• [Work to complete]: The answer should be every line below, retyped exactly.

------------

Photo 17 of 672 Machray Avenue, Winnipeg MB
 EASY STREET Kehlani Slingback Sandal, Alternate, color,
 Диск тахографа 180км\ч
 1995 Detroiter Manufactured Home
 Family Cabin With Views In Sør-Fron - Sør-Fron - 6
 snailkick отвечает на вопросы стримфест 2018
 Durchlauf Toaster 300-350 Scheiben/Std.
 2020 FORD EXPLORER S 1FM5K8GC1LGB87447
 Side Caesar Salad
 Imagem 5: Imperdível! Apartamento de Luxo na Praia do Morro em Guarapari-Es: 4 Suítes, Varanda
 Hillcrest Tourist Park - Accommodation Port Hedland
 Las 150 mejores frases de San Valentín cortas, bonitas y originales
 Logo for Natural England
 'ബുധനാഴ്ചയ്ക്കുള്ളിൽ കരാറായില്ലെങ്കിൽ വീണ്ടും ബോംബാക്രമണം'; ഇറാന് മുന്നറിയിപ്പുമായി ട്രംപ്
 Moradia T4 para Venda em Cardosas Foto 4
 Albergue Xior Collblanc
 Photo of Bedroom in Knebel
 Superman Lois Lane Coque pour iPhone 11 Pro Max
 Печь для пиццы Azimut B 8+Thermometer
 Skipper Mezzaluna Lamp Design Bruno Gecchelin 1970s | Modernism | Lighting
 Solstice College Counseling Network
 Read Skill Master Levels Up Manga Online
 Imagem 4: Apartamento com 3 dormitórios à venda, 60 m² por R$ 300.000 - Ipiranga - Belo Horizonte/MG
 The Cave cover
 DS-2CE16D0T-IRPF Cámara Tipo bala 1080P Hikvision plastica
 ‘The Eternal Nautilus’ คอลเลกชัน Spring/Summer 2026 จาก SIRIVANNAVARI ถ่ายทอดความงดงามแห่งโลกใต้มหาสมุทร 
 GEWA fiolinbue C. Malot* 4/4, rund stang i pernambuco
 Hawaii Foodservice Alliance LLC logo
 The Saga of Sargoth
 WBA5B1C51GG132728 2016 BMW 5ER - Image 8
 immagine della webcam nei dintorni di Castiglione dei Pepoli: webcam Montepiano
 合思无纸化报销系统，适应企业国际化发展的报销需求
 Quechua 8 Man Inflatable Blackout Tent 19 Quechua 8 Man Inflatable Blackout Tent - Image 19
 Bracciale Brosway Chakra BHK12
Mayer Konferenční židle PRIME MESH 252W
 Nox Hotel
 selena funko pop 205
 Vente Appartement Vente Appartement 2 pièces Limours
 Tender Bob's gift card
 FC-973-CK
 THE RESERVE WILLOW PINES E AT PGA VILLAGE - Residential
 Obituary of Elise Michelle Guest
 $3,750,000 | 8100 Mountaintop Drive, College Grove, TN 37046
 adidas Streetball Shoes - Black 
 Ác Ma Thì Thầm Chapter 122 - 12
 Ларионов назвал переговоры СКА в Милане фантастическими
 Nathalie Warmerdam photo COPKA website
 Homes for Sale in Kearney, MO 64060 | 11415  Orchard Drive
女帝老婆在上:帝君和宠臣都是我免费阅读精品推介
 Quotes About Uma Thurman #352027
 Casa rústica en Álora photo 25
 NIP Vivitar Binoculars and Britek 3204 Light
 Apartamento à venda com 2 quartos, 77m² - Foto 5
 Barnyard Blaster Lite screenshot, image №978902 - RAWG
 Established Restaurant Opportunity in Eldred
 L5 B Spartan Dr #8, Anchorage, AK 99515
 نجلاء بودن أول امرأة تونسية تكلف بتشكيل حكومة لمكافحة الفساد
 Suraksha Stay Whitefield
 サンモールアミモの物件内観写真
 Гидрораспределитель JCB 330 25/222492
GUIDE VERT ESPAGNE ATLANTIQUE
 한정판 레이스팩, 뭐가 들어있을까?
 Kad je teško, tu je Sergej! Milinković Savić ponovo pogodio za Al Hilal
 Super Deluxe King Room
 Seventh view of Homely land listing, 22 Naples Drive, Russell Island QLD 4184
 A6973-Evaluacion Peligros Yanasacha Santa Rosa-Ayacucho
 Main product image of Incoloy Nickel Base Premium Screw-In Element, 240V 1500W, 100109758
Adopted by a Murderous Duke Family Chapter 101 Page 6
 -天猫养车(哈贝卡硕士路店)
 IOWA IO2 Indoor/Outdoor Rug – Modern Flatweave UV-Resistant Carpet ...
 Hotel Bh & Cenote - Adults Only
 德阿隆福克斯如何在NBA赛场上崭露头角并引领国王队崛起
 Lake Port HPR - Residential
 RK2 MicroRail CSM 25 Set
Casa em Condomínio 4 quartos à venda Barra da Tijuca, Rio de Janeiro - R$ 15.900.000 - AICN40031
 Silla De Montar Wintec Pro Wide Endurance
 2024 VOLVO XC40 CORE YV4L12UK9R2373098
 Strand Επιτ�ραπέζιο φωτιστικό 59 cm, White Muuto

------------

• [Output for this task]:
Photo 17 of 672 Machray Avenue, Winnipeg MB
 EASY STREET Kehlani Slingback Sandal, Alternate, color,
 Диск тахографа 180км\ч
 1995 Detroiter Manufactured Home
 Family Cabin With Views In Sør-Fron - Sør-Fron - 6
 snailkick отвечает на вопросы стримфест 2018
 Durchlauf Toaster 300-350 Scheiben/Std.
 2020 FORD EXPLORER S 1FM5K8GC1LGB87447
 Side Caesar Salad
 Imagem 5: Imperdível! Apartamento de Luxo na Praia do Morro em Guarapari-Es: 4 Suítes, Varanda
 Hillcrest Tourist Park - Accommodation Port Hedland
 Las 150 mejores frases de San Valentín cortas, bonitas y originales
 Logo for Natural England
 'ബുധനാഴ്ചയ്ക്കുള്ളിൽ കരാറായില്ലെങ്കിൽ വീണ്ടും ബോംബാക്രമണം'; ഇറാന് മുന്നറിയിപ്പുമായി ട്രംപ്
 Moradia T4 para Venda em Cardosas Foto 4
 Albergue Xior Collblanc
 Photo of Bedroom in Knebel
 Superman Lois Lane Coque pour iPhone 11 Pro Max
 Печь для пиццы Azimut B 8+Thermometer
 Skipper Mezzaluna Lamp Design Bruno Gecchelin 1970s | Modernism | Lighting
 Solstice College Counseling Network
 Read Skill Master Levels Up Manga Online
 Imagem 4: Apartamento com 3 dormitórios à venda, 60 m² por R$ 300.000 - Ipiranga - Belo Horizonte/MG
 The Cave cover
 DS-2CE16D0T-IRPF Cámara Tipo bala 1080P Hikvision plastica
 ‘The Eternal Nautilus’ คอลเลกชัน Spring/Summer 2026 จาก SIRIVANNAVARI ถ่ายทอดความงดงามแห่งโลกใต้มหาสมุทร 
 GEWA fiolinbue C. Malot* 4/4, rund stang i pernambuco
 Hawaii Foodservice Alliance LLC logo
 The Saga of Sargoth
 WBA5B1C51GG132728 2016 BMW 5ER - Image 8
 immagine della webcam nei dintorni di Castiglione dei Pepoli: webcam Montepiano
 合思无纸化报销系统，适应企业国际化发展的报销需求
 Quechua 8 Man Inflatable Blackout Tent 19 Quechua 8 Man Inflatable Blackout Tent - Image 19
 Bracciale Brosway Chakra BHK12
Mayer Konferenční židle PRIME MESH 252W
 Nox Hotel
 selena funko pop 205
 Vente Appartement Vente Appartement 2 pièces Limours
 Tender Bob's gift card
 FC-973-CK
 THE RESERVE WILLOW PINES E AT PGA VILLAGE - Residential
 Obituary of Elise Michelle Guest
 $3,750,000 | 8100 Mountaintop Drive, College Grove, TN 37046
 adidas Streetball Shoes - Black 
 Ác Ma Thì Thầm Chapter 122 - 12
 Ларионов назвал переговоры СКА в Милане фантастическими
 Nathalie Warmerdam photo COPKA website
 Homes for Sale in Kearney, MO 64060 | 11415  Orchard Drive
女帝老婆在上:帝君和宠臣都是我免费阅读精品推介
 Quotes About Uma Thurman #352027
 Casa rústica en Álora photo 25
 NIP Vivitar Binoculars and Britek 3204 Light
 Apartamento à venda com 2 quartos, 77m² - Foto 5
 Barnyard Blaster Lite screenshot, image №978902 - RAWG
 Established Restaurant Opportunity in Eldred
 L5 B Spartan Dr #8, Anchorage, AK 99515
 نجلاء بودن أول امرأة تونسية تكلف بتشكيل حكومة لمكافحة الفساد
 Suraksha Stay Whitefield
 サンモールアミモの物件内観写真
 Гидрораспределитель JCB 330 25/222492
GUIDE VERT ESPAGNE ATLANTIQUE
 한정판 레이스팩, 뭐가 들어있을까?
 Kad je teško, tu je Sergej! Milinković Savić ponovo pogodio za Al Hilal
 Super Deluxe King Room
 Seventh view of Homely land listing, 22 Naples Drive, Russell Island QLD 4184
 A6973-Evaluacion Peligros Yanasacha Santa Rosa-Ayacucho
 Main product image of Incoloy Nickel Base Premium Screw-In Element, 240V 1500W, 100109758
Adopted by a Murderous Duke Family Chapter 101 Page 6
 -天猫养车(哈贝卡硕士路店)
 IOWA IO2 Indoor/Outdoor Rug – Modern Flatweave UV-Resistant Carpet ...
 Hotel Bh & Cenote - Adults Only
 德阿隆福克斯如何在NBA赛场上崭露头角并引领国王队崛起
 Lake Port HPR - Residential
 RK2 MicroRail CSM 25 Set
Casa em Condomínio 4 quartos à venda Barra da Tijuca, Rio de Janeiro - R$ 15.900.000 - AICN40031
 Silla De Montar Wintec Pro Wide Endurance
 2024 VOLVO XC40 CORE YV4L12UK9R2373098
 Strand Επιτ�ραπέζιο φωτιστικό 59 cm, White Muuto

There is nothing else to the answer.